- **YOUR INSTRUCTIONS**
Please give back each line below unchanged; none of the pictures should appear.

- **DATA SHOWN**

- - -

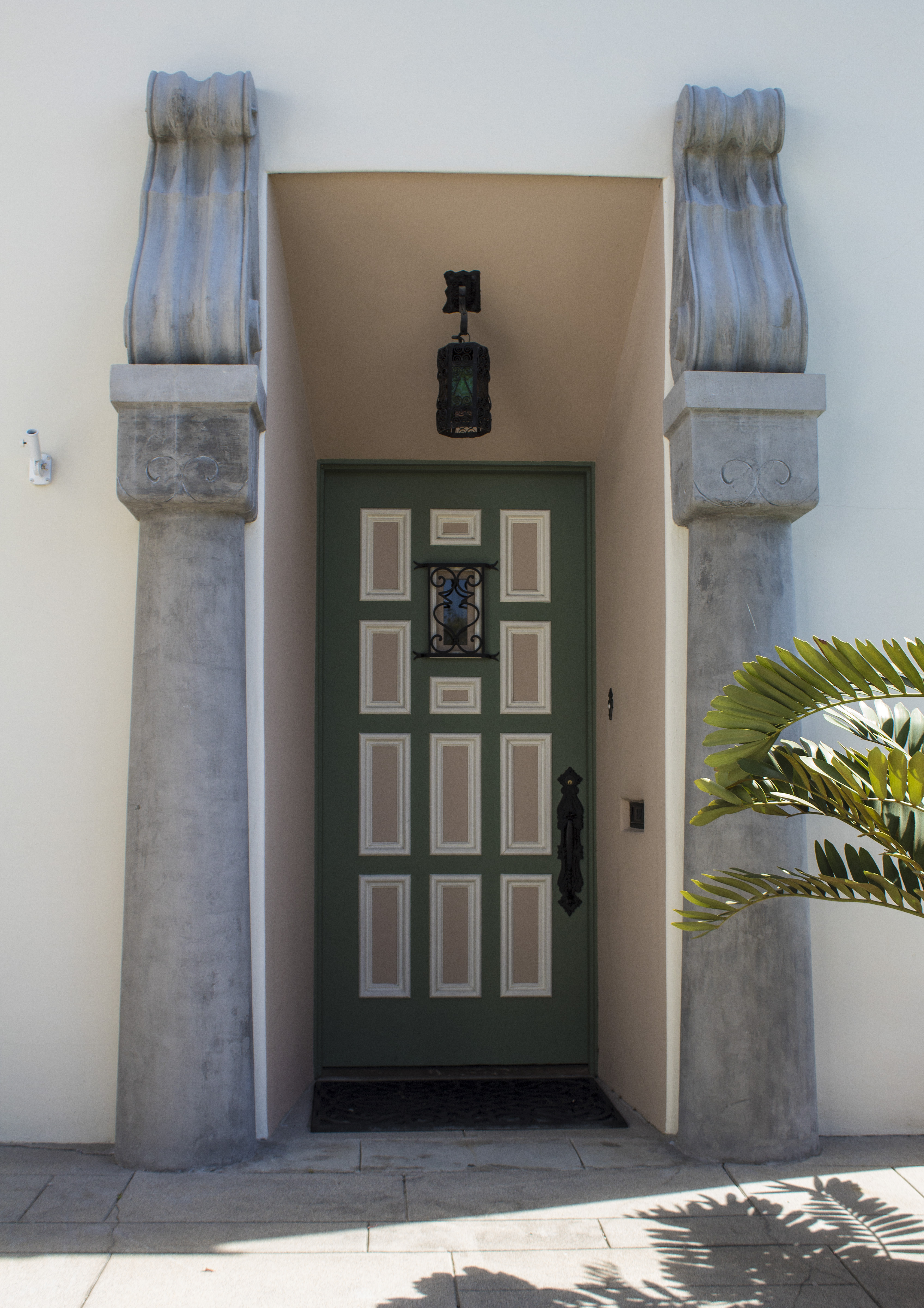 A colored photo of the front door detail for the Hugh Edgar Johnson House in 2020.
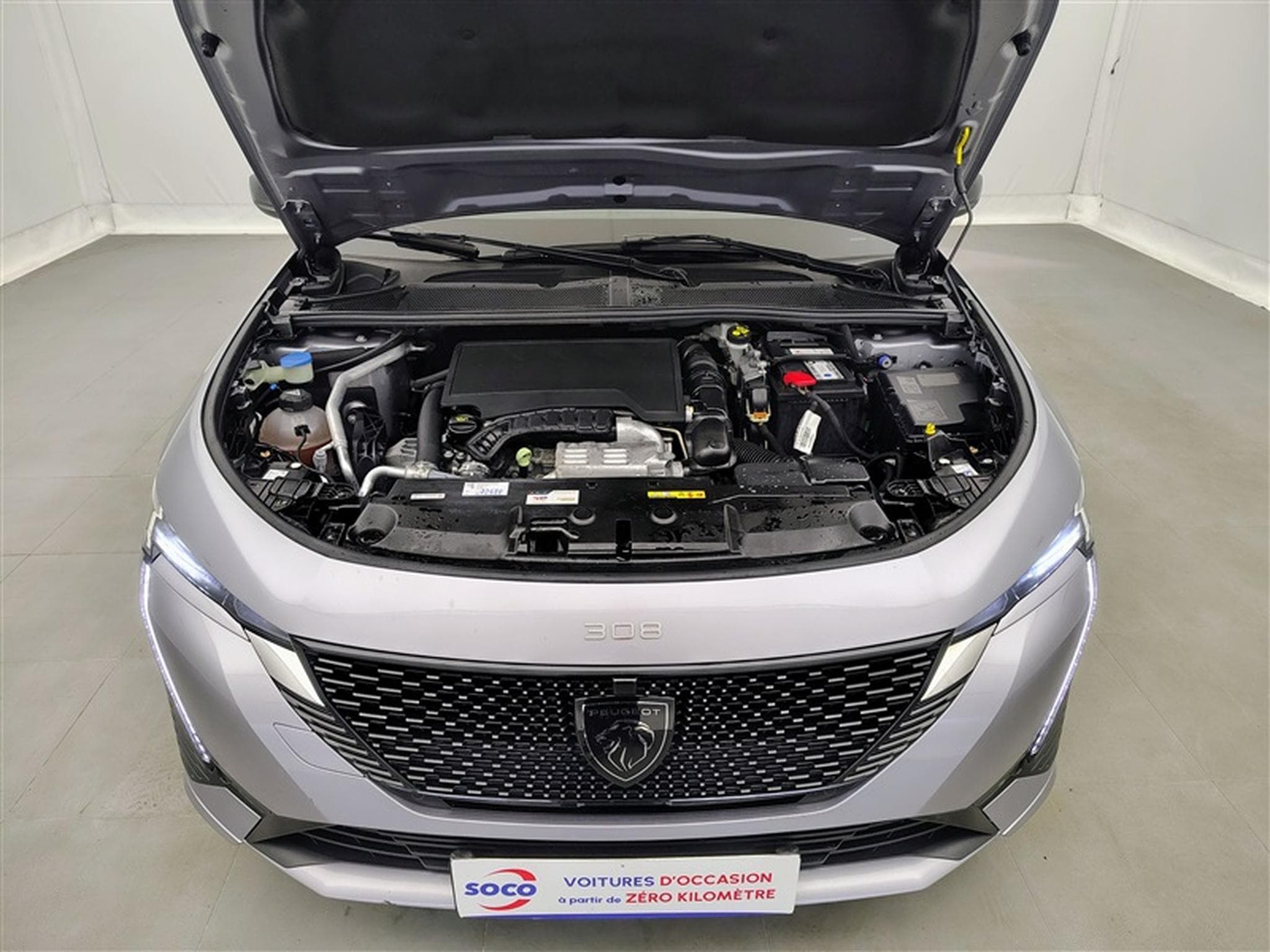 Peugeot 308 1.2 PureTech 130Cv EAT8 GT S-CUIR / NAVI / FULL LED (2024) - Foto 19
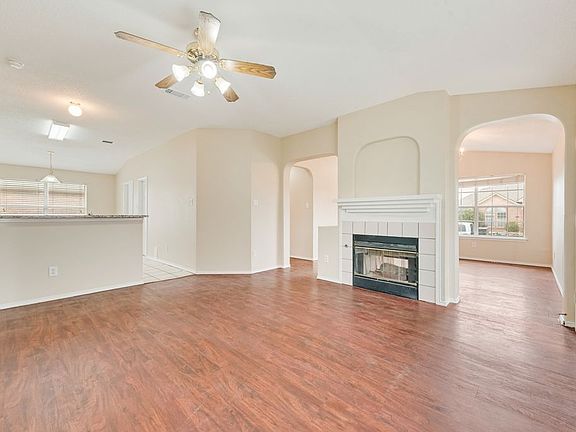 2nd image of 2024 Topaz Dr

- - -

- **REPLY**
 A colored photo of the front door detail for the Hugh Edgar Johnson House in 2020.
 Peugeot 308 1.2 PureTech 130Cv EAT8 GT S-CUIR / NAVI / FULL LED (2024) - Foto 19
 2nd image of 2024 Topaz Dr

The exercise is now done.